Task
Lines from the start of the data through the line containing "Уникальный таунхаус в" must be given again exactly. Leave the others out.

Supplied entries
>>>

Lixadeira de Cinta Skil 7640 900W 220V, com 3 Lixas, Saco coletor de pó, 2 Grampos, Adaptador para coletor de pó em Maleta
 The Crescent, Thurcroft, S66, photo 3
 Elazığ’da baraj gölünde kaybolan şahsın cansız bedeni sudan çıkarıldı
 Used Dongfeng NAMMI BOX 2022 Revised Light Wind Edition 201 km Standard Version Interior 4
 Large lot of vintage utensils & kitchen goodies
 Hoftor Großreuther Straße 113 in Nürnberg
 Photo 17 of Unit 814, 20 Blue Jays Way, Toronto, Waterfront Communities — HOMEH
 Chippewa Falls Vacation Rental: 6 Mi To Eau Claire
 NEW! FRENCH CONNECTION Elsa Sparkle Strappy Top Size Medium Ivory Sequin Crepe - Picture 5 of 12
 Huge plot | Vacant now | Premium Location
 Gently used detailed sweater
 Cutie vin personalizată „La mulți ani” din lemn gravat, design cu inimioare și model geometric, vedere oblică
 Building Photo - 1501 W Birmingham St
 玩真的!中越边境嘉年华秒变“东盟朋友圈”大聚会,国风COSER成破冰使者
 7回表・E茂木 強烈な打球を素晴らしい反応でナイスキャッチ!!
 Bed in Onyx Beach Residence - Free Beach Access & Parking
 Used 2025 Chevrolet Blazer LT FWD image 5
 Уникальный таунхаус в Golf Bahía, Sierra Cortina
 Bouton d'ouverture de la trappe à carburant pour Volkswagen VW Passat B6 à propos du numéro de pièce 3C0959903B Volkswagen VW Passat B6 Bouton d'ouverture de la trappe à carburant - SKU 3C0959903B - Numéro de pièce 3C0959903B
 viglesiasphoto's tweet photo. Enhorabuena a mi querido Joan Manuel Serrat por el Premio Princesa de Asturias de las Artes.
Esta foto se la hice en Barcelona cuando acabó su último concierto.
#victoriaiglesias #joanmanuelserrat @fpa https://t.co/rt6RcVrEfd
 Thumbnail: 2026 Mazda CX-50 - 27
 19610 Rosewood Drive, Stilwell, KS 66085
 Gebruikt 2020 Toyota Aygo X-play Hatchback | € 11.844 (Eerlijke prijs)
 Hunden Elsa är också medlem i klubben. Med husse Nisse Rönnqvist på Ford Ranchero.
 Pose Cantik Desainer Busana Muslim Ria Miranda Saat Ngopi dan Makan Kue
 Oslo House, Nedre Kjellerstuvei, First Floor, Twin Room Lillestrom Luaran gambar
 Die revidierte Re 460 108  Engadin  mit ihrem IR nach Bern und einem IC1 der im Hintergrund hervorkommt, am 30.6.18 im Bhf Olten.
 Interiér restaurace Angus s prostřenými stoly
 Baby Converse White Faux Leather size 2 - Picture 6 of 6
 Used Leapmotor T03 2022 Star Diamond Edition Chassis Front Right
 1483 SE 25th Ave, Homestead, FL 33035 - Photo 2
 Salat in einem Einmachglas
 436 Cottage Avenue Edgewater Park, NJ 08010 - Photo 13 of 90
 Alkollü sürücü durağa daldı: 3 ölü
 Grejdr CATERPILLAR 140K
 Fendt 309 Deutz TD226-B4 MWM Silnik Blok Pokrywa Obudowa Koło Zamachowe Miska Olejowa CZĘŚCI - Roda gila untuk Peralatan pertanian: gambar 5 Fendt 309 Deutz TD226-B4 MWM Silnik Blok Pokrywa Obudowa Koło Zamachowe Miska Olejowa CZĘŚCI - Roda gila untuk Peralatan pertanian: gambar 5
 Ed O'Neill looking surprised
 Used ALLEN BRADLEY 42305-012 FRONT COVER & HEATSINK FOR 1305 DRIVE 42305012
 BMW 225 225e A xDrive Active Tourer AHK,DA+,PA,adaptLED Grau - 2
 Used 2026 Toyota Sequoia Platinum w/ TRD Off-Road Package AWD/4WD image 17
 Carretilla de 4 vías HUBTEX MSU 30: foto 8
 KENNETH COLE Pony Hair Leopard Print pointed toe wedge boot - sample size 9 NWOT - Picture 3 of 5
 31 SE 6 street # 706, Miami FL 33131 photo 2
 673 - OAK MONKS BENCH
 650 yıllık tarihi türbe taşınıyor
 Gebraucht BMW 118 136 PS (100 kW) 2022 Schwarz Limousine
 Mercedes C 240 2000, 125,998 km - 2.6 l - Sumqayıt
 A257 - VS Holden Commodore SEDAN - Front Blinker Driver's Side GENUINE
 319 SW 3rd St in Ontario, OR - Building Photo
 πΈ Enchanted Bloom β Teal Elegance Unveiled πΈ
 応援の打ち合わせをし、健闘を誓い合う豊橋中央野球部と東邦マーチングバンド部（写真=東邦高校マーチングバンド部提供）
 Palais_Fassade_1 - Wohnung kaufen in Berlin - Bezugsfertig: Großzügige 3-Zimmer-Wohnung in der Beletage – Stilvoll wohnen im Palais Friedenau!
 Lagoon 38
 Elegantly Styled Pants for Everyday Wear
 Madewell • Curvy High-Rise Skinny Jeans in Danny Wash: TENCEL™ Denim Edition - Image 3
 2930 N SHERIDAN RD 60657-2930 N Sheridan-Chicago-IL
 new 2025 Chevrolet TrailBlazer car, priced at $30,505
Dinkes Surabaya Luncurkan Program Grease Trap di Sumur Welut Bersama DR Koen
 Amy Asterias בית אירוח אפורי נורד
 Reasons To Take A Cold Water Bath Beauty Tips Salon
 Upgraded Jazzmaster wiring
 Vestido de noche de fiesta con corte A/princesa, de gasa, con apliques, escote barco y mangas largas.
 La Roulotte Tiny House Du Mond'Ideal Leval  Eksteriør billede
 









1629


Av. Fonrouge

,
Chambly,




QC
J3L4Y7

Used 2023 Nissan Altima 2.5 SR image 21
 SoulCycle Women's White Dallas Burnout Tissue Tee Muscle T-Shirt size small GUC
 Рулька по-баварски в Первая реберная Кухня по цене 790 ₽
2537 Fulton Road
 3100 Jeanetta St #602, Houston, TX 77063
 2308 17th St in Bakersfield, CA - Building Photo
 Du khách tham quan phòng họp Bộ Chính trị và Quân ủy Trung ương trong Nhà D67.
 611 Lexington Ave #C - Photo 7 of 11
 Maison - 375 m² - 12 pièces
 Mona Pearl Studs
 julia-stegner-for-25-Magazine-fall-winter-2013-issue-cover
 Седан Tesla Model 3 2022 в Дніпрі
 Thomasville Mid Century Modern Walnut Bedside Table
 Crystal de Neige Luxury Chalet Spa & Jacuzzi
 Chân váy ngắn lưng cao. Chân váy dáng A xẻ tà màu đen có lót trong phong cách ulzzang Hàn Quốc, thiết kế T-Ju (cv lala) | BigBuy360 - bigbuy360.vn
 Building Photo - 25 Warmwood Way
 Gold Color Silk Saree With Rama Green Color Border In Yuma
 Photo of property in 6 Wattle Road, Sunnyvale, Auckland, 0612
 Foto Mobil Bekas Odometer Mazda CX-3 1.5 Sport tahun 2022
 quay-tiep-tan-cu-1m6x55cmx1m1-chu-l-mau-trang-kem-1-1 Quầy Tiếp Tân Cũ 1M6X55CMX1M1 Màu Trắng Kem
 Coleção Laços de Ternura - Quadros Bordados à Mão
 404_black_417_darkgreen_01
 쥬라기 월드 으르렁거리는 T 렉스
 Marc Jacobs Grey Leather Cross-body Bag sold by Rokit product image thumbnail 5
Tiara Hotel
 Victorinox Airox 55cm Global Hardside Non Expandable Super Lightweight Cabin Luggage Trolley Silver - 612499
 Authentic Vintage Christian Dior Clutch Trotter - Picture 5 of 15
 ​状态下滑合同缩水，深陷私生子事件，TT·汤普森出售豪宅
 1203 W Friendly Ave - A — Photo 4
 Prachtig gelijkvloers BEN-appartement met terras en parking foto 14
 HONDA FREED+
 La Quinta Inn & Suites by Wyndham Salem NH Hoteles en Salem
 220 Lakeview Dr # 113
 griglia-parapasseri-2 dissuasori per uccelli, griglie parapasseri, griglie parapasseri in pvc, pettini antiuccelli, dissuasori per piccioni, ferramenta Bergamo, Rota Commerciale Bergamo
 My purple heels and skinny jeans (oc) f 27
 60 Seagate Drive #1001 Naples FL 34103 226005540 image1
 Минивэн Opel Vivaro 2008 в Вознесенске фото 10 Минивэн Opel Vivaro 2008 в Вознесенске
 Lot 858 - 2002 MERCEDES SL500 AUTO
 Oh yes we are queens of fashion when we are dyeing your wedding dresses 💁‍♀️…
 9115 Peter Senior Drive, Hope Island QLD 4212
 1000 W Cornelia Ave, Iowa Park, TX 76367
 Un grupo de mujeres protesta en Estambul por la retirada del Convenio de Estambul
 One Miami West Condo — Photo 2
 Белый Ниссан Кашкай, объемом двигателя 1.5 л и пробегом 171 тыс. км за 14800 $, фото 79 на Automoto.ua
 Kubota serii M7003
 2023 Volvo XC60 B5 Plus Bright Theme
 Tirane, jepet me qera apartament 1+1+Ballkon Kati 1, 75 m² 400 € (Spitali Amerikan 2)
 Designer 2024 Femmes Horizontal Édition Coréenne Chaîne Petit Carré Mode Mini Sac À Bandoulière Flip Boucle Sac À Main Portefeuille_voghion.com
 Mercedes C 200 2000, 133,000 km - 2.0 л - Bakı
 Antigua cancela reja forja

<<<

Finished task
Lixadeira de Cinta Skil 7640 900W 220V, com 3 Lixas, Saco coletor de pó, 2 Grampos, Adaptador para coletor de pó em Maleta
 The Crescent, Thurcroft, S66, photo 3
 Elazığ’da baraj gölünde kaybolan şahsın cansız bedeni sudan çıkarıldı
 Used Dongfeng NAMMI BOX 2022 Revised Light Wind Edition 201 km Standard Version Interior 4
 Large lot of vintage utensils & kitchen goodies
 Hoftor Großreuther Straße 113 in Nürnberg
 Photo 17 of Unit 814, 20 Blue Jays Way, Toronto, Waterfront Communities — HOMEH
 Chippewa Falls Vacation Rental: 6 Mi To Eau Claire
 NEW! FRENCH CONNECTION Elsa Sparkle Strappy Top Size Medium Ivory Sequin Crepe - Picture 5 of 12
 Huge plot | Vacant now | Premium Location
 Gently used detailed sweater
 Cutie vin personalizată „La mulți ani” din lemn gravat, design cu inimioare și model geometric, vedere oblică
 Building Photo - 1501 W Birmingham St
 玩真的!中越边境嘉年华秒变“东盟朋友圈”大聚会,国风COSER成破冰使者
 7回表・E茂木 強烈な打球を素晴らしい反応でナイスキャッチ!!
 Bed in Onyx Beach Residence - Free Beach Access & Parking
 Used 2025 Chevrolet Blazer LT FWD image 5
 Уникальный таунхаус в Golf Bahía, Sierra Cortina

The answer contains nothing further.